What is required – Repeat the lines of the data exactly and exclude any picture among them.

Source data
****

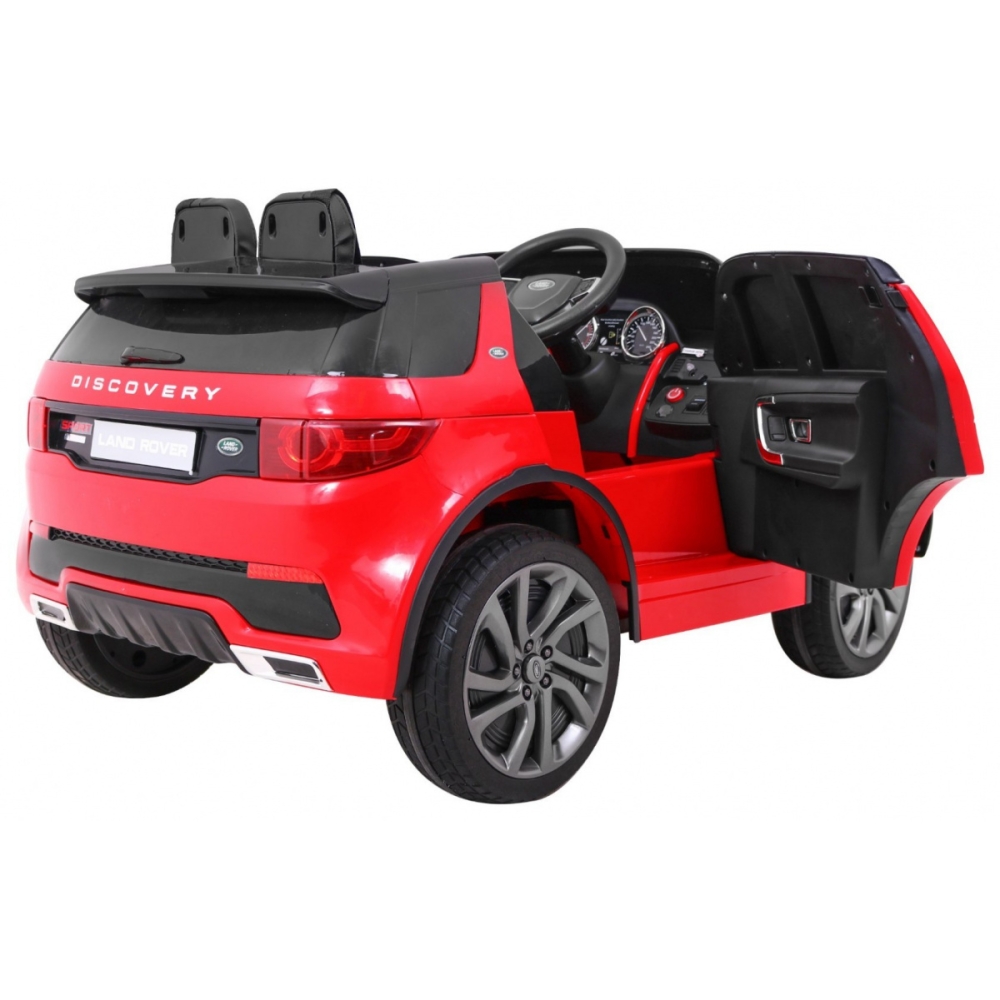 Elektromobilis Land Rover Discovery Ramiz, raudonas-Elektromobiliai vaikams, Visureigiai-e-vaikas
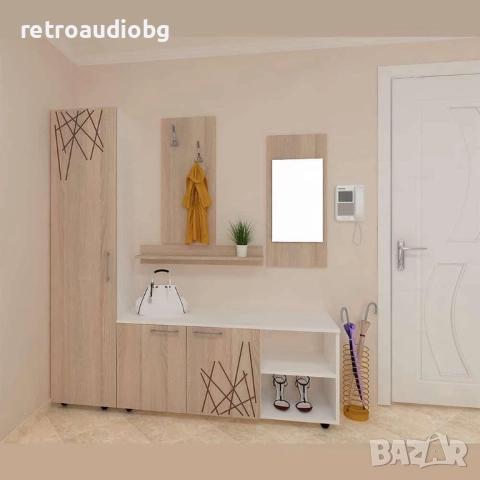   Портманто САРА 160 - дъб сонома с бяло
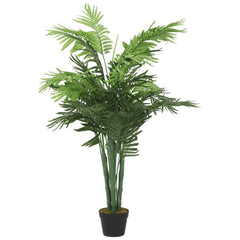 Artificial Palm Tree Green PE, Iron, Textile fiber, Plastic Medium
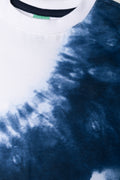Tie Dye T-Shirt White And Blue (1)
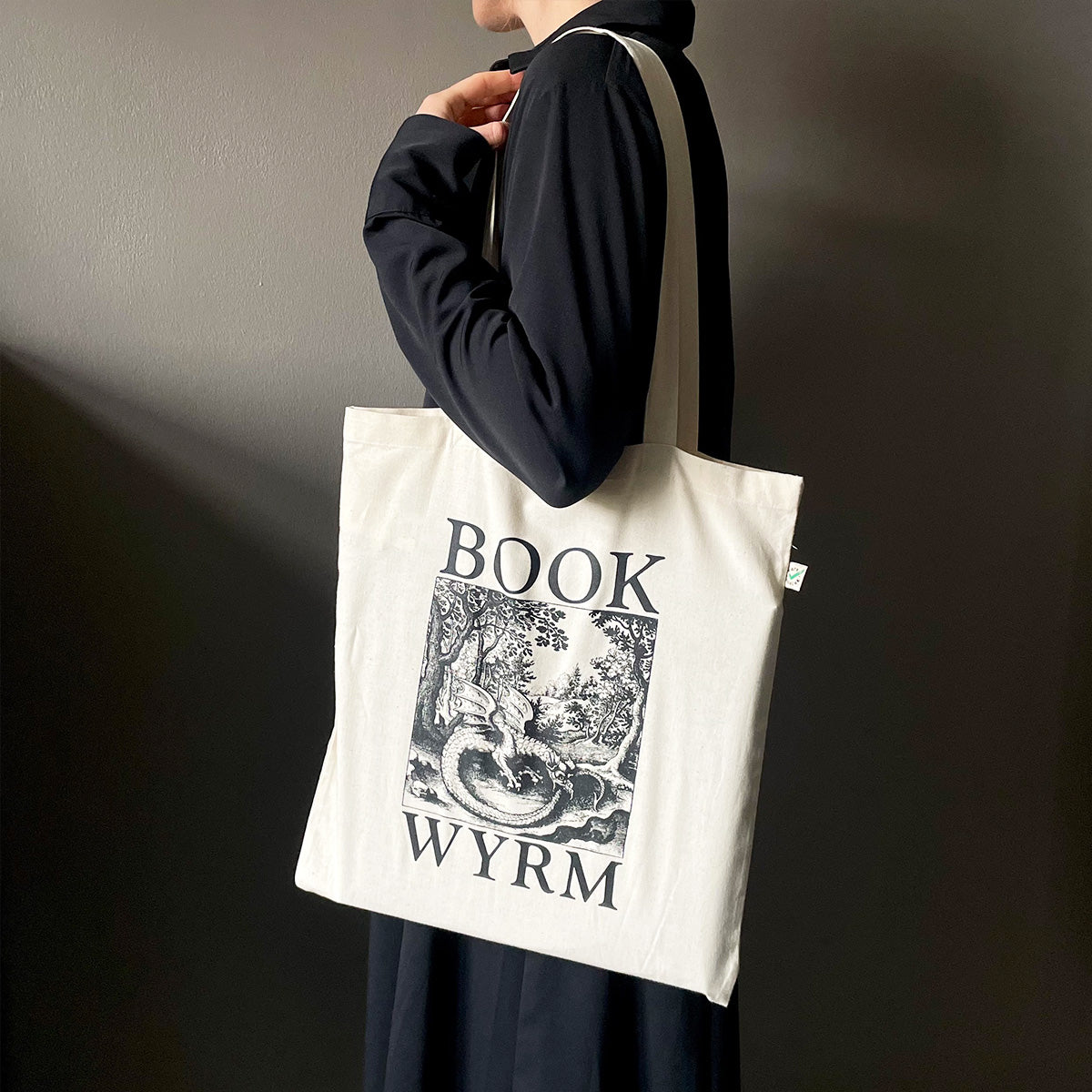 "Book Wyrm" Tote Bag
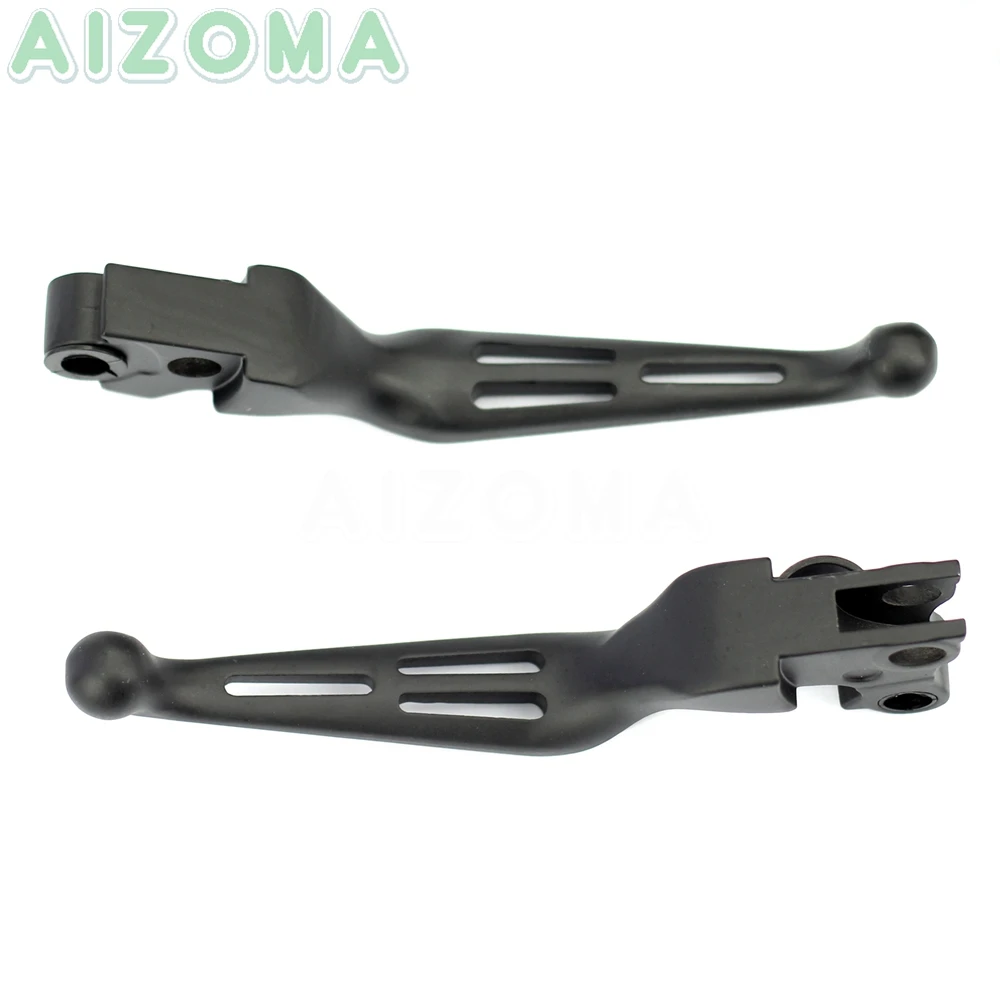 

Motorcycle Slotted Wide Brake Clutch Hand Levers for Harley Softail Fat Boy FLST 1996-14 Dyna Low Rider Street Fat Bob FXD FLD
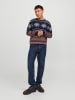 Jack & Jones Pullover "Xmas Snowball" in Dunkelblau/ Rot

****

Exercise solution –
 Elektromobilis Land Rover Discovery Ramiz, raudonas-Elektromobiliai vaikams, Visureigiai-e-vaikas
   Портманто САРА 160 - дъб сонома с бяло
 Artificial Palm Tree Green PE, Iron, Textile fiber, Plastic Medium
Tie Dye T-Shirt White And Blue (1)
 "Book Wyrm" Tote Bag

Motorcycle Slotted Wide Brake Clutch Hand Levers for Harley Softail Fat Boy FLST 1996-14 Dyna Low Rider Street Fat Bob FXD FLD
 Jack & Jones Pullover "Xmas Snowball" in Dunkelblau/ Rot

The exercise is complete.